General information
- Country: Cuba
- Topics: Census topics Geography and migration ; Personal characteristics and homes ; Education ; Economic ; Movement of workers ; Housing ;
- Authority: National Office of Statistics and Information (ONEI)
- Website: www.onei.gob.cu

Results
- Total population: 11,167,325 ( %)
- Most populous Province: La Habana (2,154,454)
- Least populous Province: Mayabeque (371,198)

= 2012 Cuba census =

18th national census of Cuba

The 2012 Cuba census was the eighteenth national population census of Cuba and was conducted by the National Office of Statistics and Information.
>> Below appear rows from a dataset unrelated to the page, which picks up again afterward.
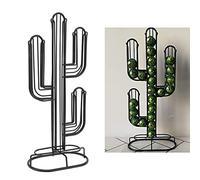 BEIJIALY Porte-dosette de Café en Forme de Cactus, Organisateur de Support de Stockage de Capsules de Café en Fer Noir pour la Maison Pouvant Contenir 48 Dosettes de Café, Support de Support pour Orga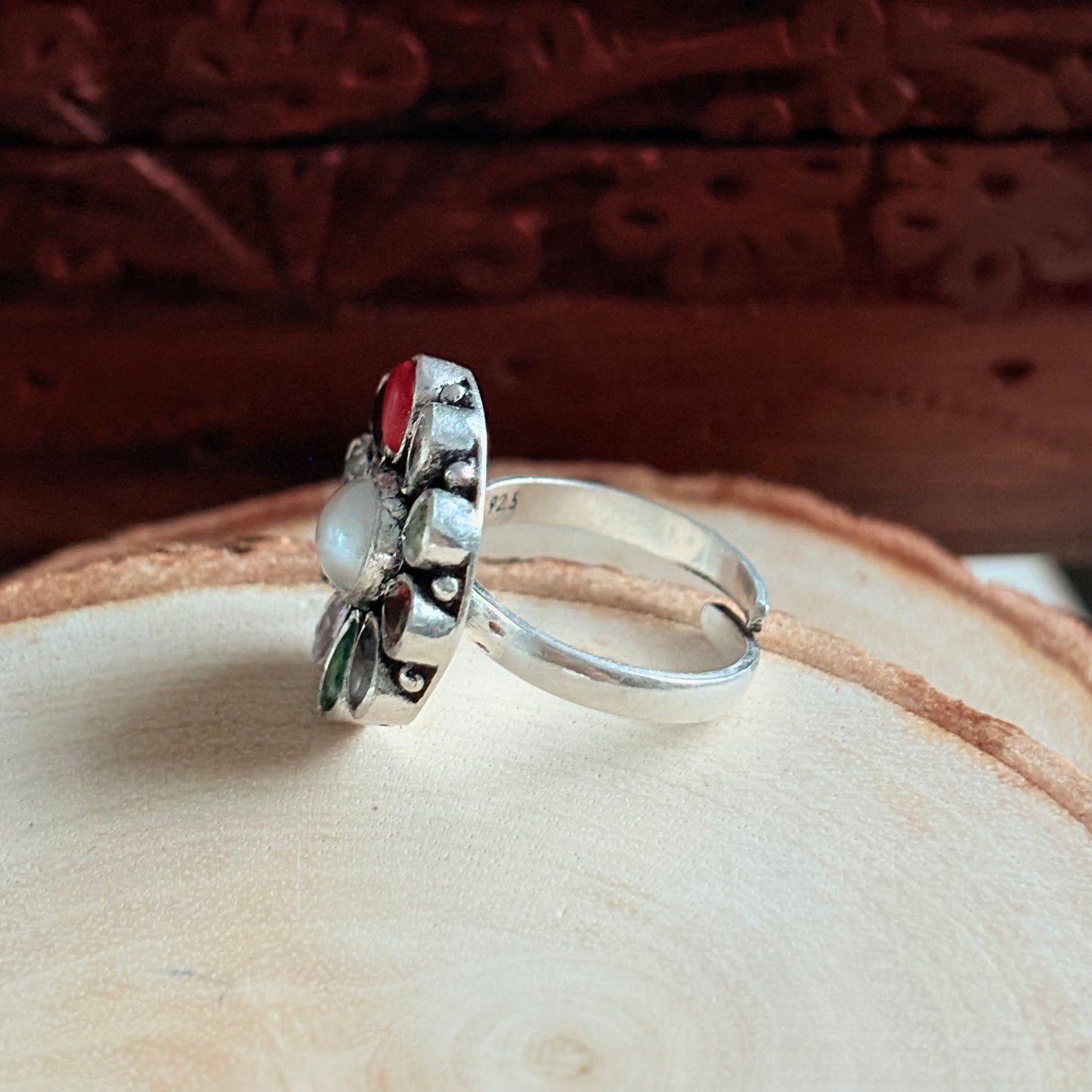 Pure Silver Pearl Navratan Ring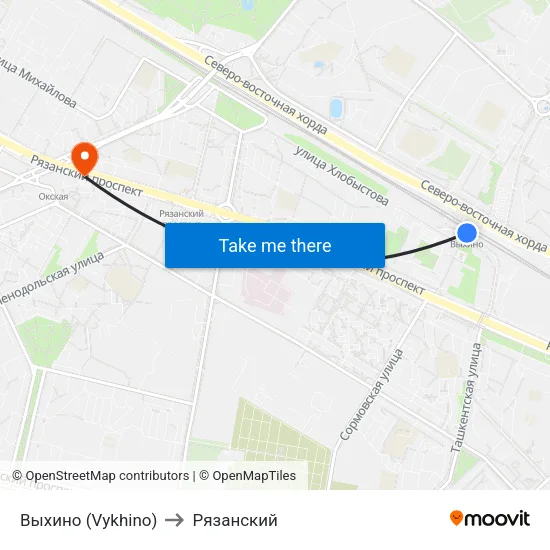 Выхино (Vykhino) to Рязанский map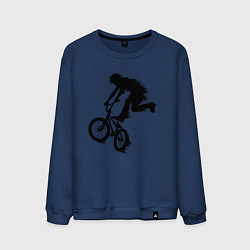 Свитшот хлопковый мужской ВЕЛОСПОРТ BMX Racing ВЕЛОСИПЕДИСТ, цвет: тёмно-синий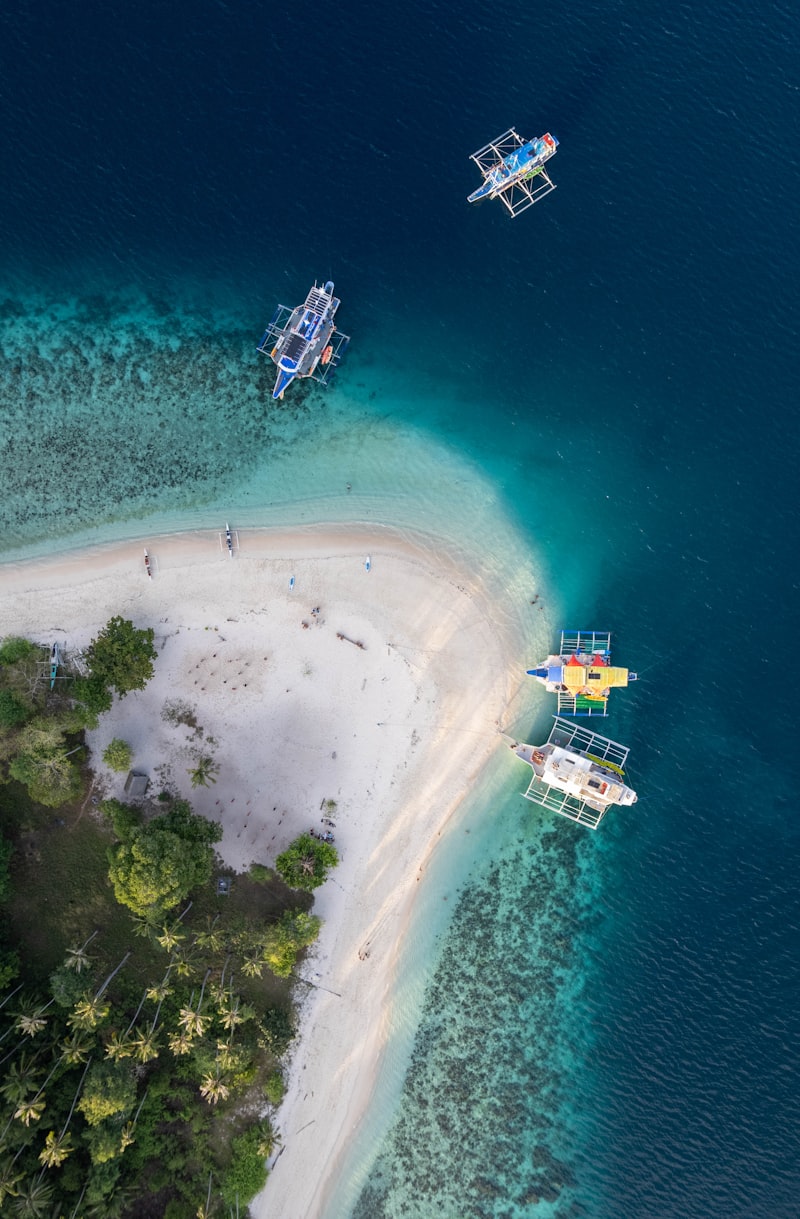 Boats at a Caribbean sand bar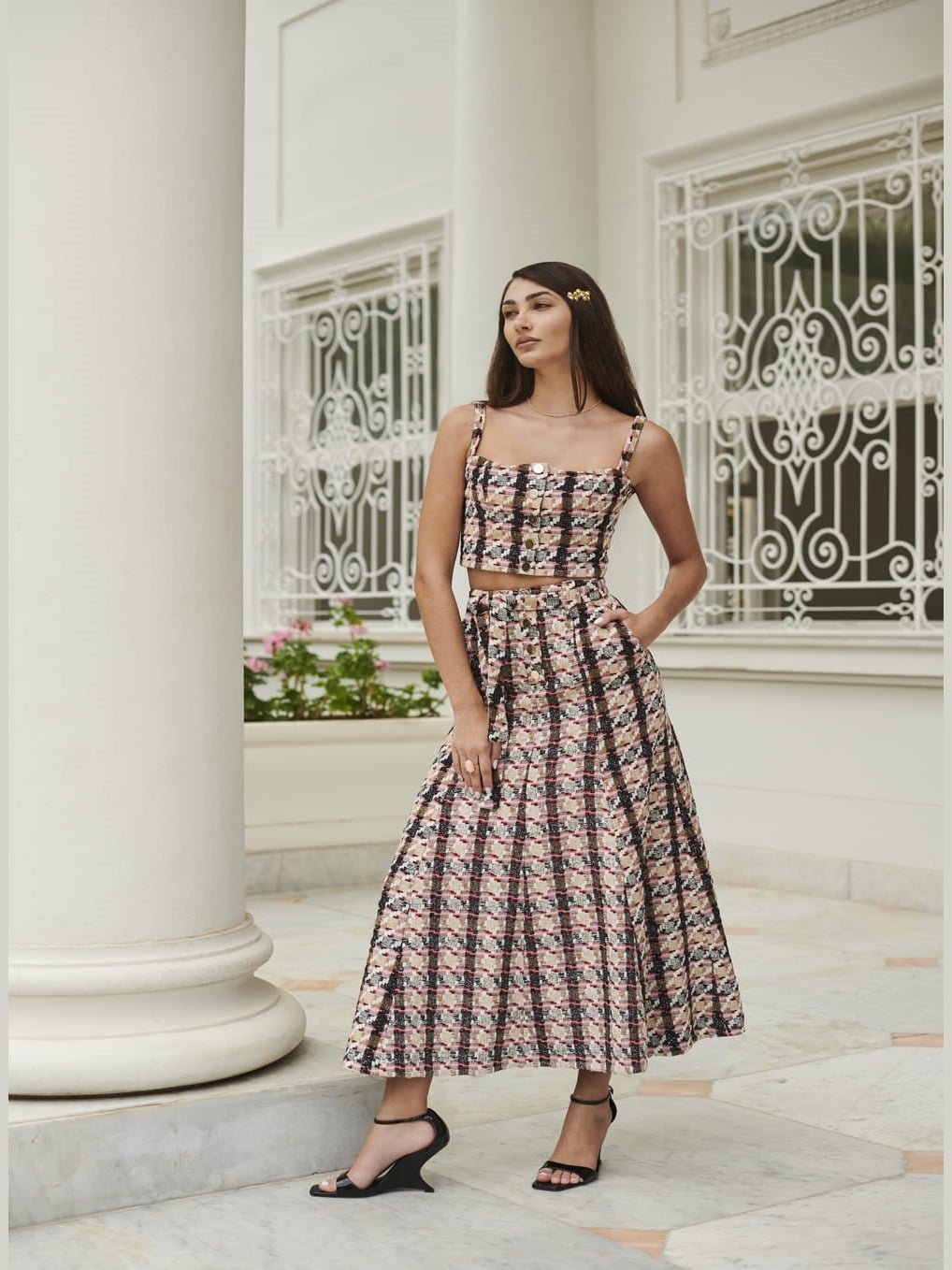TWEED CHECKERED SKIRT SET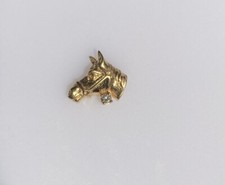 Ansteckpin Pin Pferdekopf Pferd Gold mit Diamant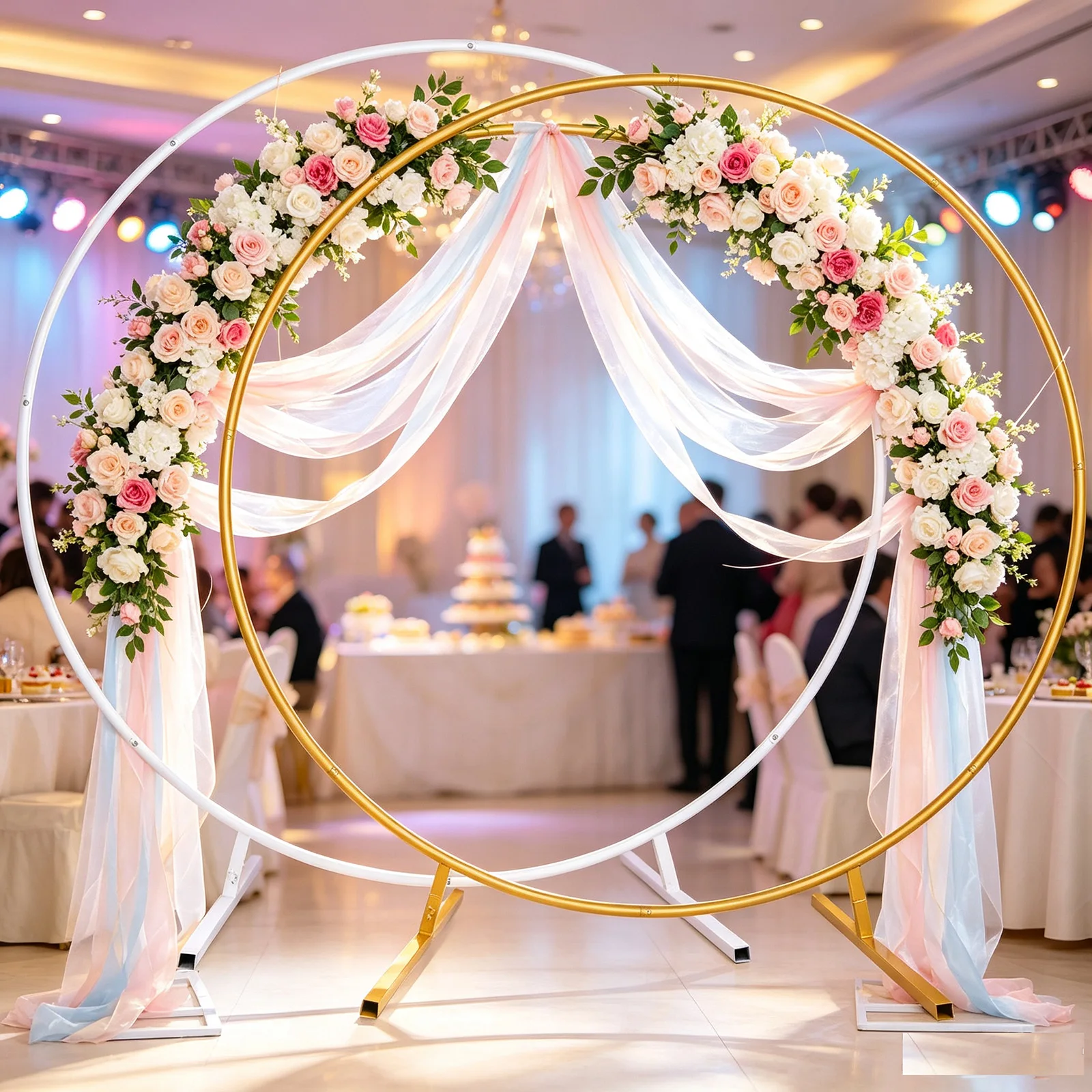 Arco circolare in metallo 2,2x2,2 m per decorazioni con palloncini e fiori, supporto per archi utilizzato per matrimoni, feste di compleanno, baby shower, celebrazioni di eventi aziendali, decorazioni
The reference days used for the census, was the period from 15 and 24 September 2012. It is the 10th census for the Republic of Cuba.
The total population of Cuba was counted as having 11,167,325 – a decrease of 10,418 people, 0.1% compared to the 2002 census.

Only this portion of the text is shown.